• _TASK PROMPT_: All of the lines below need to be copied exactly, apart from the pictures.

═══ DATA PROVIDED

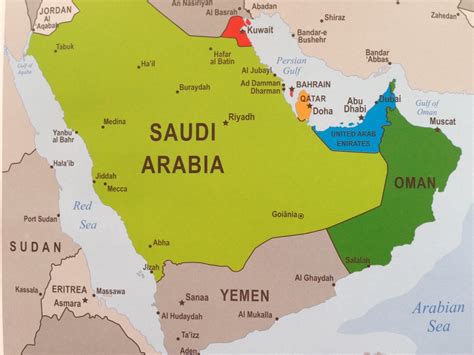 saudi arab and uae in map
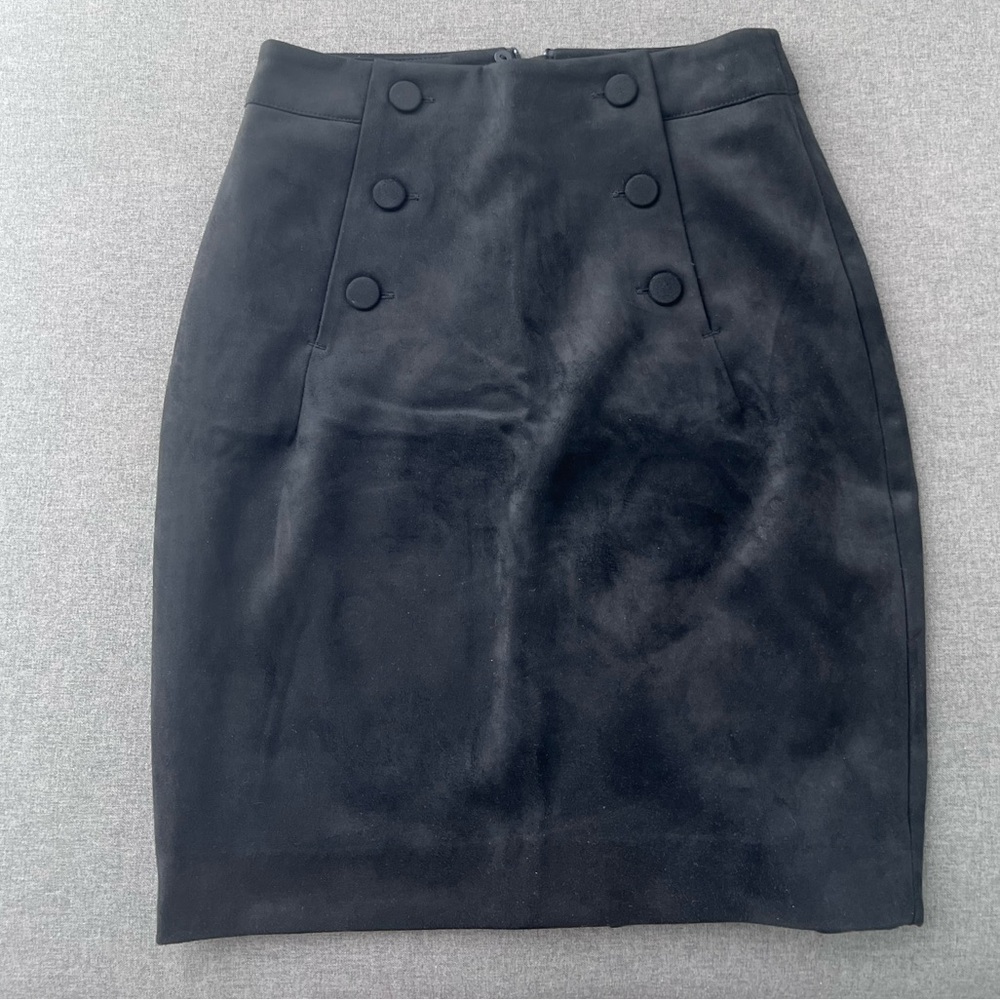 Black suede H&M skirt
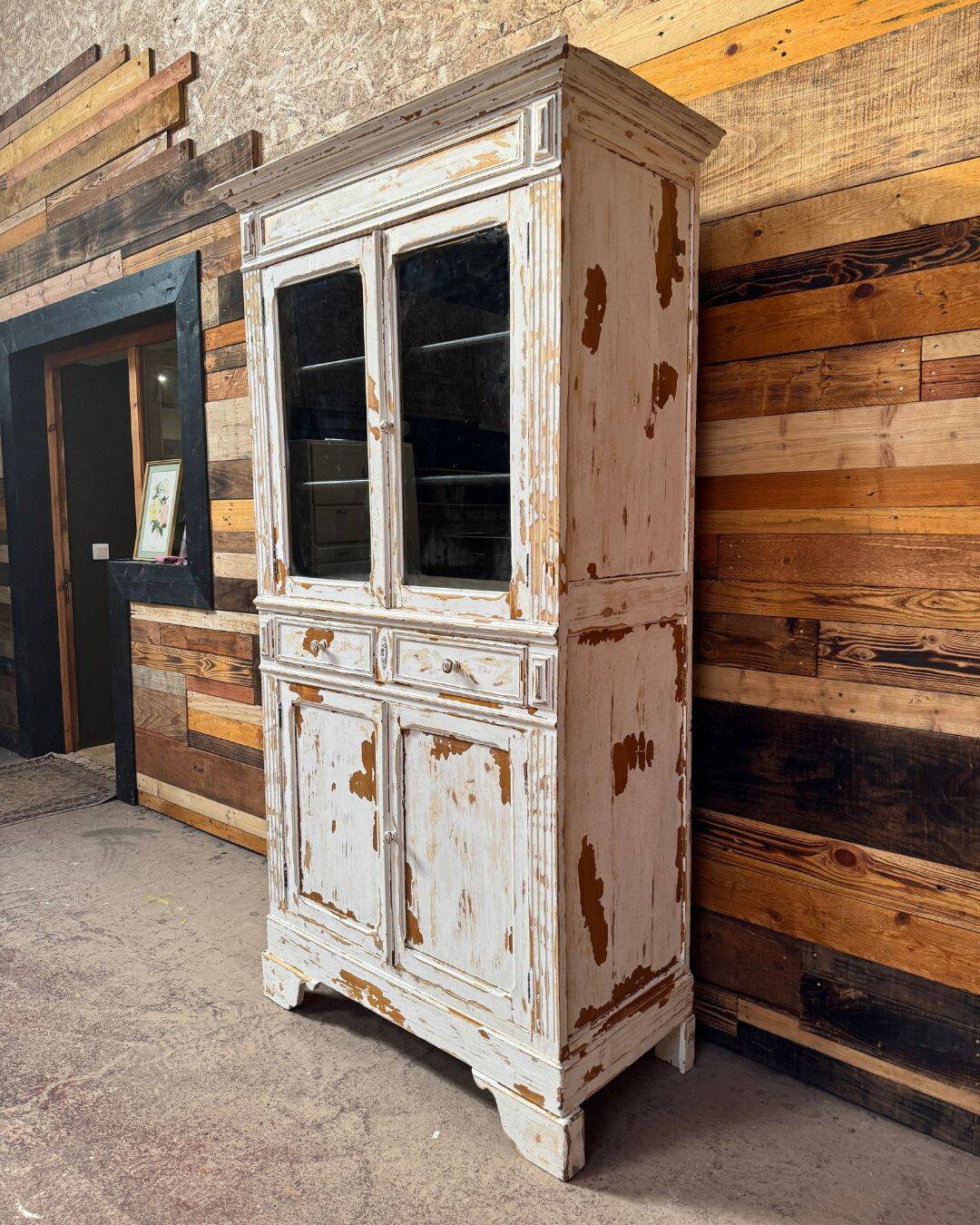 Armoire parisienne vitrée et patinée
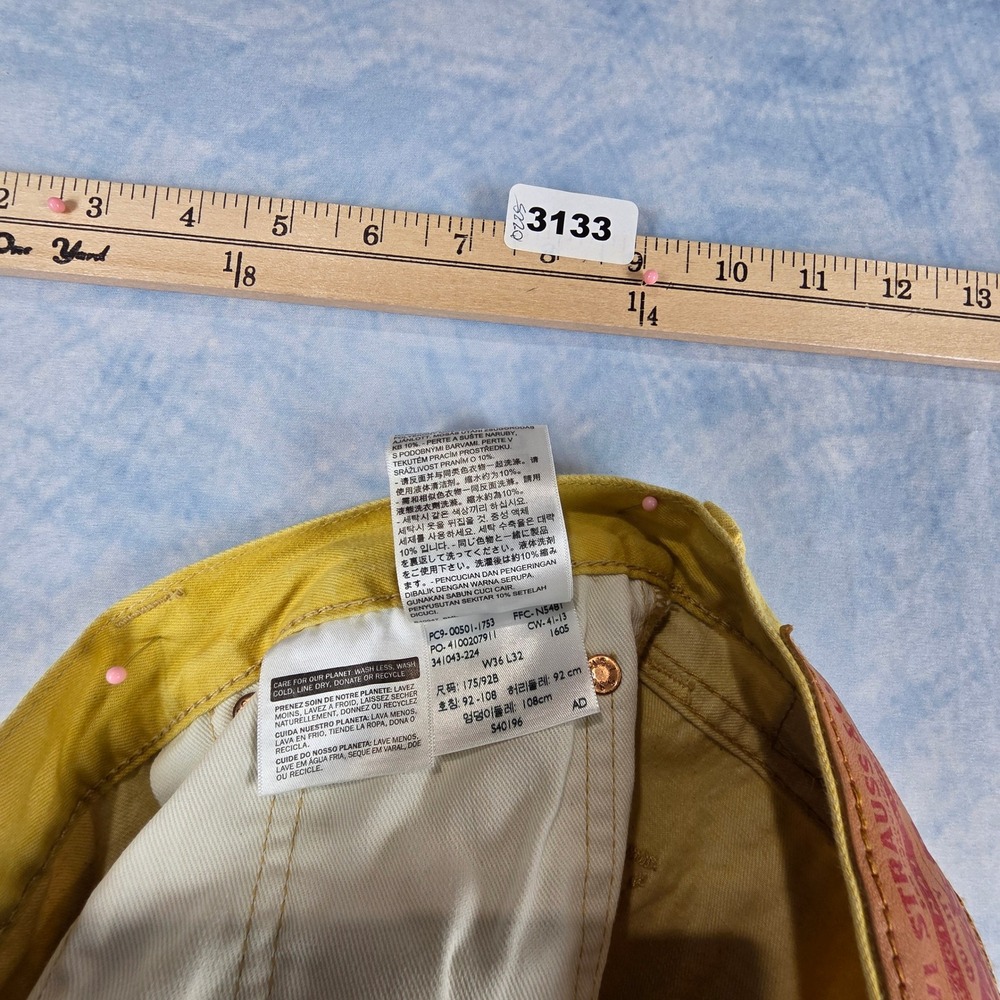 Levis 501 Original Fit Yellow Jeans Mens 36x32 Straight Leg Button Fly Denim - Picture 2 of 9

══════

• _TASK OUTPUT_:
 saudi arab and uae in map
 Black suede H&M skirt
 Armoire parisienne vitrée et patinée
 Levis 501 Original Fit Yellow Jeans Mens 36x32 Straight Leg Button Fly Denim - Picture 2 of 9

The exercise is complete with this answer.